Provide again, from the entries below, every line from the one containing "Detail of white" through the one containing "A wide-angle view", exactly as written, and no other line.

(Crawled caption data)
◇ ◇ ◇ ◇
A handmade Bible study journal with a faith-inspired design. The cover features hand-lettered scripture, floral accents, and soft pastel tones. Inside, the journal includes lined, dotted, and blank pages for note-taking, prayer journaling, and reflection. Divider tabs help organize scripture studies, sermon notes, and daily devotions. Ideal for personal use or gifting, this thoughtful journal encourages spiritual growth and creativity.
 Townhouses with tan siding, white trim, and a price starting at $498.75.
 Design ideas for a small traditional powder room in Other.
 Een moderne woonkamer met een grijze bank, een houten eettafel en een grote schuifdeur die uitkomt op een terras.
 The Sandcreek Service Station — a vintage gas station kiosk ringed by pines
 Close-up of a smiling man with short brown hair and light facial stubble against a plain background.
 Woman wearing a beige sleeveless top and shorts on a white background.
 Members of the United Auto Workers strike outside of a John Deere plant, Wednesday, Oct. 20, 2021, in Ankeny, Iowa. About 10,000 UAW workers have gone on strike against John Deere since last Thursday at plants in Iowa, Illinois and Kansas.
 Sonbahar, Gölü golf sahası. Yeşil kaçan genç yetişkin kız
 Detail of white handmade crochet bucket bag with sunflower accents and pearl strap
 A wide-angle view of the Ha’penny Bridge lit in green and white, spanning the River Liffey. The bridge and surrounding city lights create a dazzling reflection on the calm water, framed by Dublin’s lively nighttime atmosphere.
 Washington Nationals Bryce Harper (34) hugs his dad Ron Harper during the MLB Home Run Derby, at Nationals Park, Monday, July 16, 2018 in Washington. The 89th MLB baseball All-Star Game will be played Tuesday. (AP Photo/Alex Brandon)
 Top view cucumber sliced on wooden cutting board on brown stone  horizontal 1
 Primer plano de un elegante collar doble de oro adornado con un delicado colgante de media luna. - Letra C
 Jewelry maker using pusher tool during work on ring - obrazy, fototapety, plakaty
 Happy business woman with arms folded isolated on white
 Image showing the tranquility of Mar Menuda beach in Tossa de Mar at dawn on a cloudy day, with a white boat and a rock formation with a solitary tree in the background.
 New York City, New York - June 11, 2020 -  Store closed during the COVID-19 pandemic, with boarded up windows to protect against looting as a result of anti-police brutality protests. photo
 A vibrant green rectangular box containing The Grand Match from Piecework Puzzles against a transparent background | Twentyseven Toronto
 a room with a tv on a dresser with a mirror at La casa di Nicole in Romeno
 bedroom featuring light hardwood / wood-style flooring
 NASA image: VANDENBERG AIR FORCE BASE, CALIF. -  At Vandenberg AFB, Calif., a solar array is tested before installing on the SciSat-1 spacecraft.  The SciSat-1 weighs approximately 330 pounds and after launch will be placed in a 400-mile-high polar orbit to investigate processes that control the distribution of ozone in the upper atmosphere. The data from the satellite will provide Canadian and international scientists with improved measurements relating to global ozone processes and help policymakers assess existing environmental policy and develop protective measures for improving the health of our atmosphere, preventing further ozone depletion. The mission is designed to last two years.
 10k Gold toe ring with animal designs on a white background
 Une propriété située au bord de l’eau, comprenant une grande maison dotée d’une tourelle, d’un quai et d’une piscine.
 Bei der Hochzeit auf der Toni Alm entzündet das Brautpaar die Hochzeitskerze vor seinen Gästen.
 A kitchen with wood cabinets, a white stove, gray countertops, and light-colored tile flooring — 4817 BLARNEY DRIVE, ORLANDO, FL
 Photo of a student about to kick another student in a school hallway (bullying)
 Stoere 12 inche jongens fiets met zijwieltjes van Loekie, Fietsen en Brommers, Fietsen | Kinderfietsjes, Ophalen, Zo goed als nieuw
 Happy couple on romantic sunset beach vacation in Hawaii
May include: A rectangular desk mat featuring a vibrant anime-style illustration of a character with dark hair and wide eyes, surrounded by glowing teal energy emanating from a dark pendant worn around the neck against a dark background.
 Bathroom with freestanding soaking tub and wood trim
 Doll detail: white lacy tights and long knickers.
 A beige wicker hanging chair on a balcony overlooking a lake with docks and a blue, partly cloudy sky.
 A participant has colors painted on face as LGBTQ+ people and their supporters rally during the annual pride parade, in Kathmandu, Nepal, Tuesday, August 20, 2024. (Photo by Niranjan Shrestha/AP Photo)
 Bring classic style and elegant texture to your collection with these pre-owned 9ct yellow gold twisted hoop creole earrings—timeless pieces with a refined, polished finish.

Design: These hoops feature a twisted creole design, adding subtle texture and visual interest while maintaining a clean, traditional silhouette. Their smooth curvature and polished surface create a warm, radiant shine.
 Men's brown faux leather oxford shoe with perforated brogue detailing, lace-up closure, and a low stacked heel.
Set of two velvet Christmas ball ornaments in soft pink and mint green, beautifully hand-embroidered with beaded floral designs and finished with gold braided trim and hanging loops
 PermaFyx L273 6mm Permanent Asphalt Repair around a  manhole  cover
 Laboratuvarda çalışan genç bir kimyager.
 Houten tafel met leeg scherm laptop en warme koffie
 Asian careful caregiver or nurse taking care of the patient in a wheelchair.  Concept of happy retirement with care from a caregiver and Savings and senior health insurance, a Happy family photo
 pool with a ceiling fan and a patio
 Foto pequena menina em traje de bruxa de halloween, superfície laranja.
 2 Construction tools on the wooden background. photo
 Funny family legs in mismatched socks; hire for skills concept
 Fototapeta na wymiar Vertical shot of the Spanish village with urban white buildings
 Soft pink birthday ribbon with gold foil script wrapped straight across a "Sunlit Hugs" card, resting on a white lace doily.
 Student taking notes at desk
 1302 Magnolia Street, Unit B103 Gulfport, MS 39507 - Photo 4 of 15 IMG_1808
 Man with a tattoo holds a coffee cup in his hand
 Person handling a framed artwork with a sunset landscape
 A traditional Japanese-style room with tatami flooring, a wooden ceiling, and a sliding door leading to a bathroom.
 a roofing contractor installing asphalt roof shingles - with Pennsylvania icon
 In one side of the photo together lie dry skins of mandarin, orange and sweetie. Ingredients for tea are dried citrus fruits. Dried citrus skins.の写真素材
◇ ◇ ◇ ◇
| Expected output |
 Detail of white handmade crochet bucket bag with sunflower accents and pearl strap
 A wide-angle view of the Ha’penny Bridge lit in green and white, spanning the River Liffey. The bridge and surrounding city lights create a dazzling reflection on the calm water, framed by Dublin’s lively nighttime atmosphere.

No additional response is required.